Closed phikoehn closed 7 years ago
That would be much easier in Marian. The forward training step is basically rescoring, just reporting total cost instead of per sentence cost. It would not require much work to do this: I think the validatior class (CrossEntropyValidator to be more precise) is a good starting point. Essentially put that into a separate binary and report back cost per sentence instead of per batch.
@tomekd , @snukky : any takers?
I have mostly the rescorer done in my mosesplugin branch in amuNMT. I need only to merge with current master and add main() function.
Roman could do it in Marian-train.
@phikoehn What format do you have in mind? N-best list? Simple pair of source and target?

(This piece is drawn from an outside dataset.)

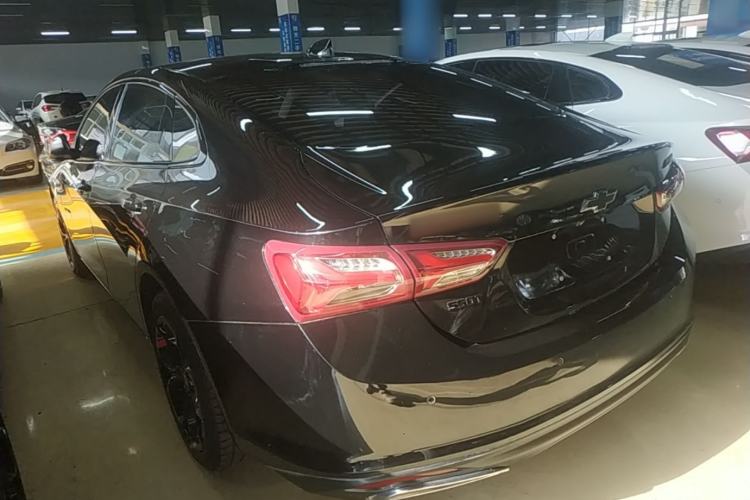 Used Chevrolet Malibu XL 2020 Redline 550T Automatic RuiLian Edition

My current need was to do the r2l rescoring - but it makes sense to keep complexity out of the toolkit and only have a general facility of providing source and target and requesting a score.
The rescorer is available in the current master of marian-train. It takes source and target corpora as input and prints sentence scores.
Thanks @snukky, In the end it should be able to do moses-style n-best lists too. s2s and amun both generate these types of n-best lists.
@phikoehn Can we close this?
Yes. this works now for me. Even get some gains (+.4 de-en, +.8 en-de)
Great, closing this then. The n-best list can be another issue.
Does Amun support re-scoring?
What would be needed is the ability to provide an output along with the input to the decoder and have it report the model score for the given translations.